Silence fell after that. Ryo didn't like the thought at all, but after all the time and dimension traveling he had been doing, it made some bizarre sense. He gazed blankly out at the pool that mirrored the starry sky above as he mulled over what the dark man said. When he had enough time to digest that, Azaziel continued.
"What I will tell you now is something that few of your own kind fully understand, and far less of my own kind can even imagine such possibilities.
"Every event happens in a specific time and place. Therefore, movement through time is also movement through space and vice versa. With time travel one must take account for time more than space, for showing up in the right place at the wrong time can cause new realities to spring up. Do you know how this is possible?"

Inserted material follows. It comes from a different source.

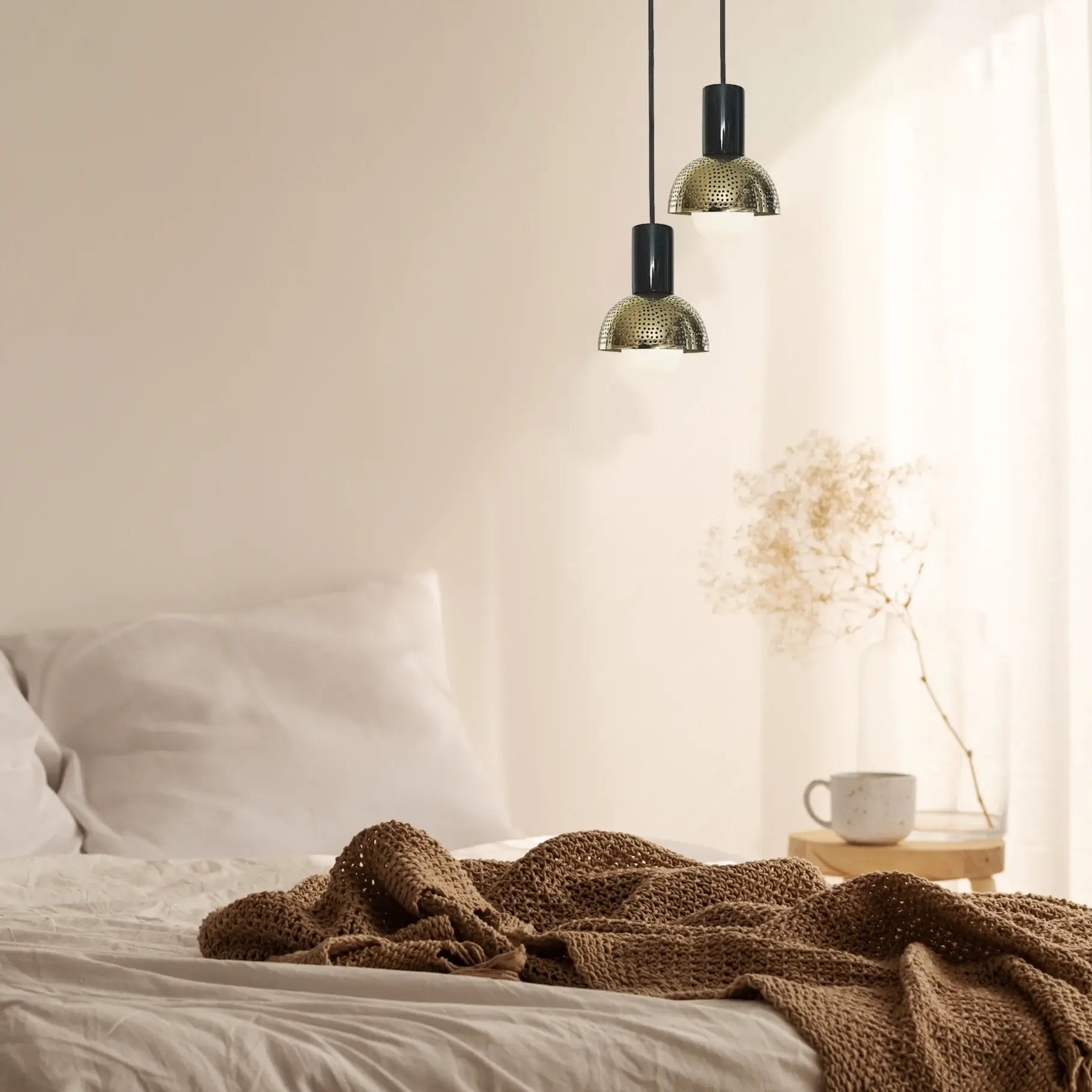 Dounia home chandeliers in Polished brass made of Metal, used as a bedroom lighting, Model: Maria 2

Shaking his head was all the indication Ryo could give at the moment. This was a lot more complicated than he thought it would have been and he wondered if he'd be able to understand it all.

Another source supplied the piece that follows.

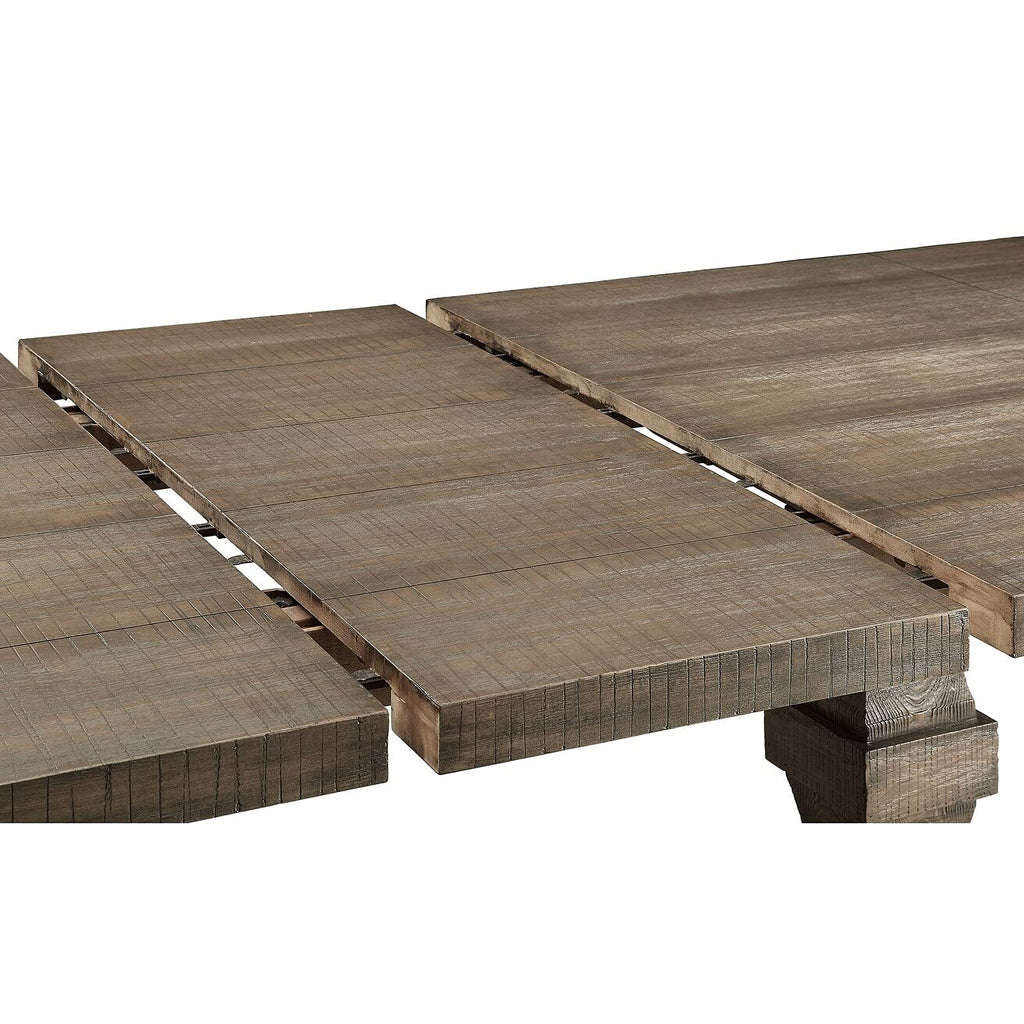 Acme Landon Square Wooden Top Dining Table in Salvage Brown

"Imagine a physics lab at a university. The lab is set up as so: there is a machine aimed at a barrier with two slits in it, and a meter or so from that barrier is a sheet of photographic paper. A professor shoots a single photon particle at the barrier with two slits in it. This single particle somehow converts into wave energy and that energy splits so that two wave fronts show up on the paper. The paper then displays interference patterns with crests and troughs either canceling each other out or amplifying each other. However, there is another interpretation. This theory says that the universe splits into two. In one universe, the photon is still a particle and goes through the left slit. In the other universe, the particle goes through the right slit. Now, because it ultimately doesn't matter which slit the particle goes through, the two universes merge and again become one. Therefore, the professor has physical evidence of temporary parallel universes, displayed by the interference patterns on a simple piece of paper. However, if the change is too different, the two universes do not collapse into one and instead go on their separate ways.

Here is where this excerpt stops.